__Dataset section__:
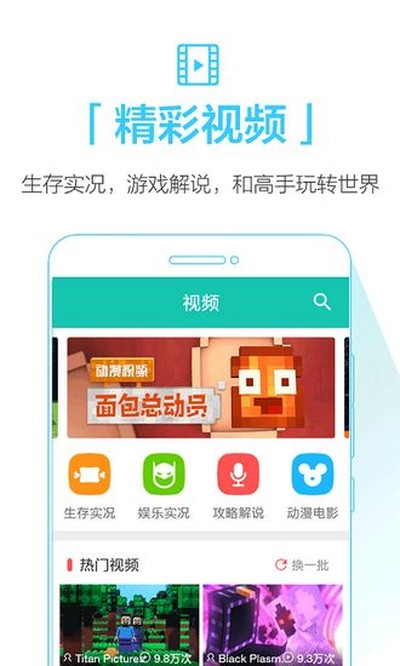 4399我的世界助手最新版 v2.4.4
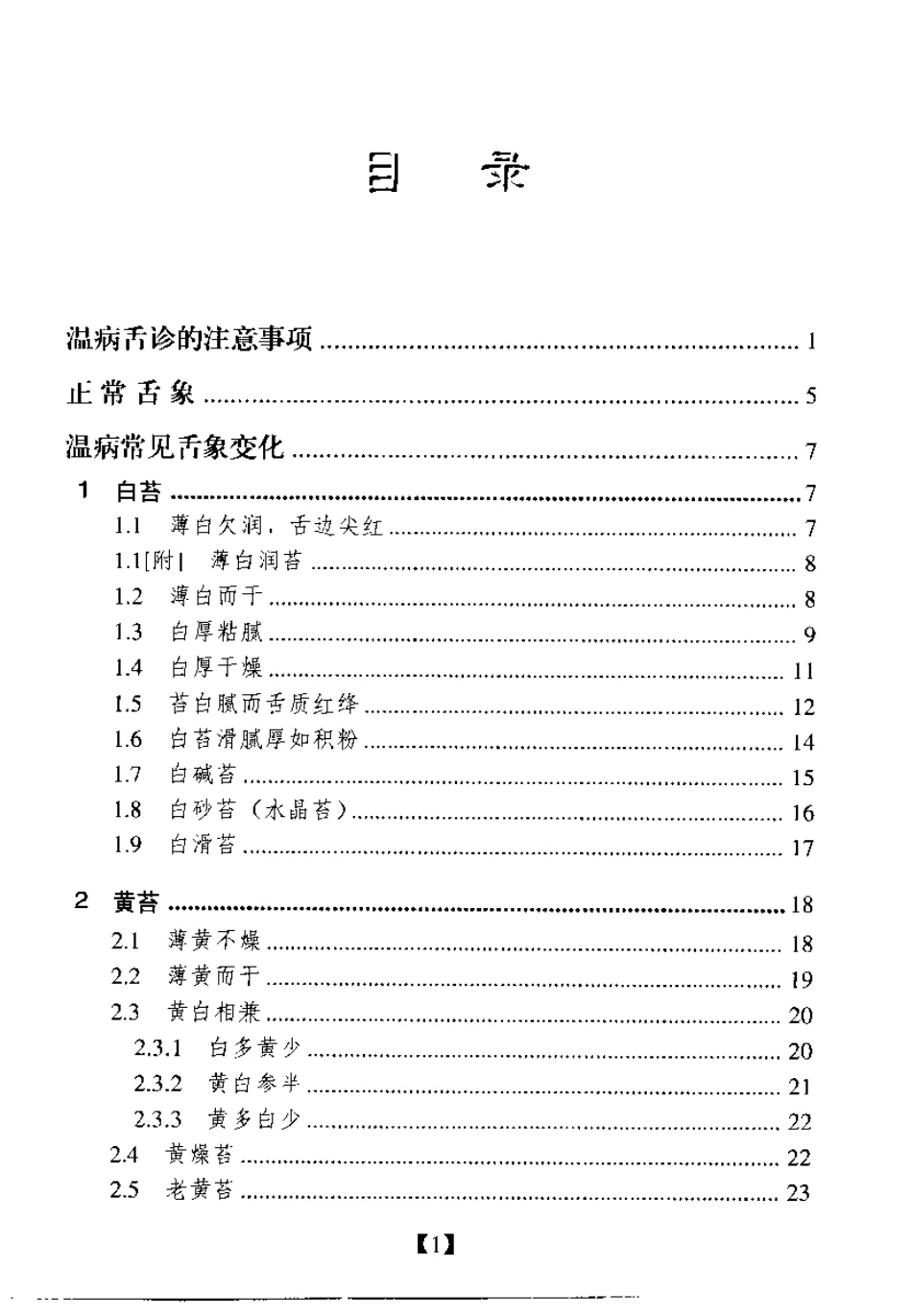 温病舌诊图谱（张之文）.pdf_第3页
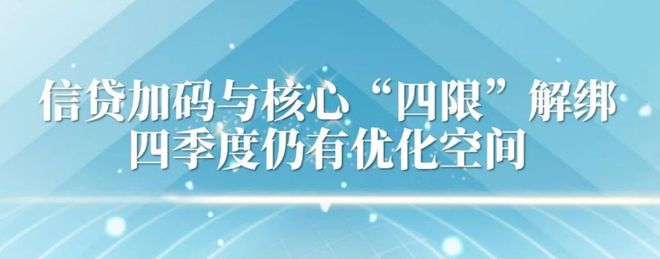 2023年三季度中国房地产行业总结与展望（上篇）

__What you should do__: Your task is an exact transcription of all the data, minus the pictures.

__Answer box__:
 4399我的世界助手最新版 v2.4.4
 温病舌诊图谱（张之文）.pdf_第3页
 2023年三季度中国房地产行业总结与展望（上篇）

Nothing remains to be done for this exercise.